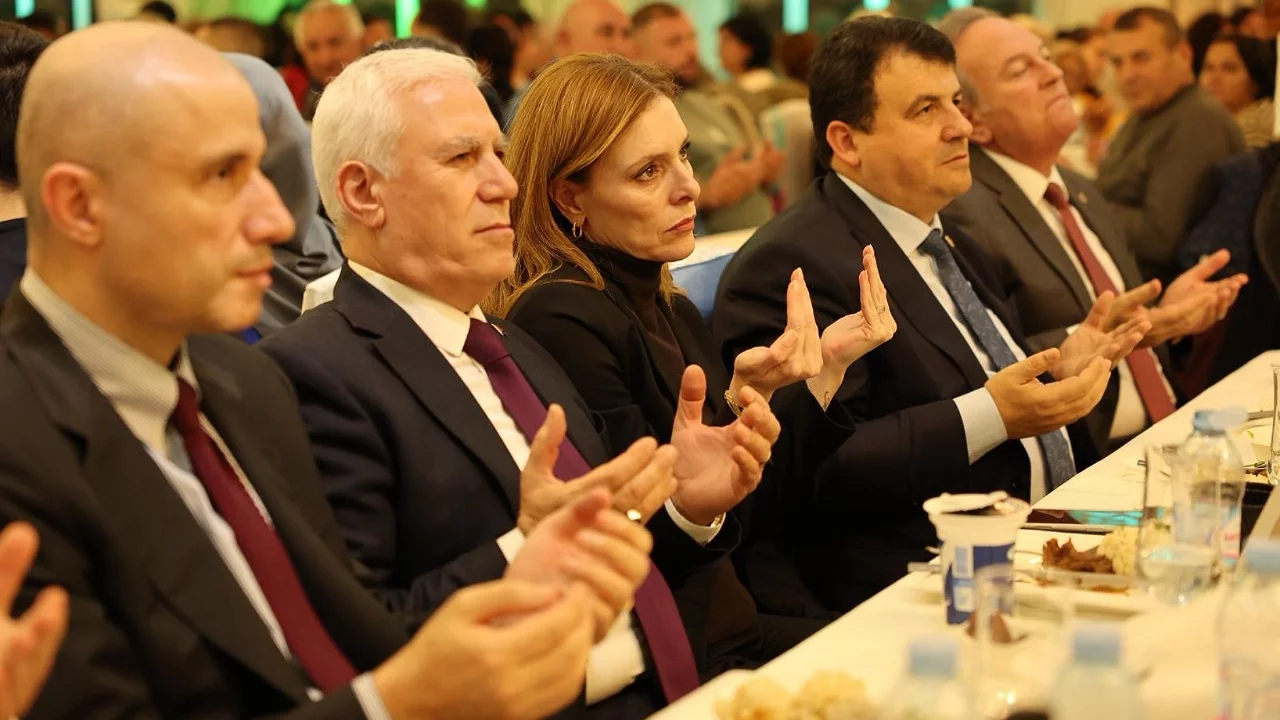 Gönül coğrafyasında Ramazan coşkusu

---

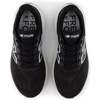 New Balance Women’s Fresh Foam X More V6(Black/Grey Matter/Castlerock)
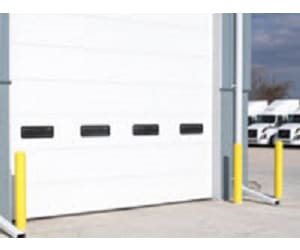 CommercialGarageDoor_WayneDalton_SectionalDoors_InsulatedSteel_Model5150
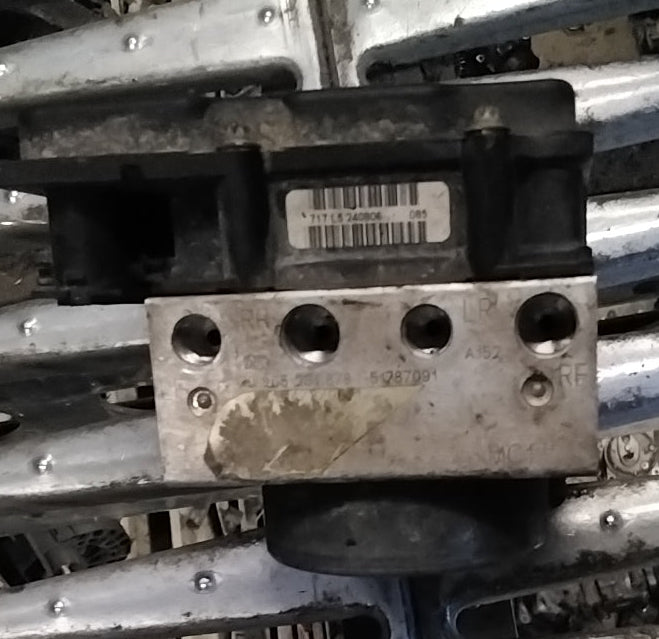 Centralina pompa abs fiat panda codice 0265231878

WHAT IS BEING ASKED: Only the lines above from the one containing "New Balance Women’s" through the one containing "Centralina pompa abs" should be returned, verbatim and inclusive, with pictures excluded.

RESPONSE BOX:
 New Balance Women’s Fresh Foam X More V6(Black/Grey Matter/Castlerock)
 CommercialGarageDoor_WayneDalton_SectionalDoors_InsulatedSteel_Model5150
 Centralina pompa abs fiat panda codice 0265231878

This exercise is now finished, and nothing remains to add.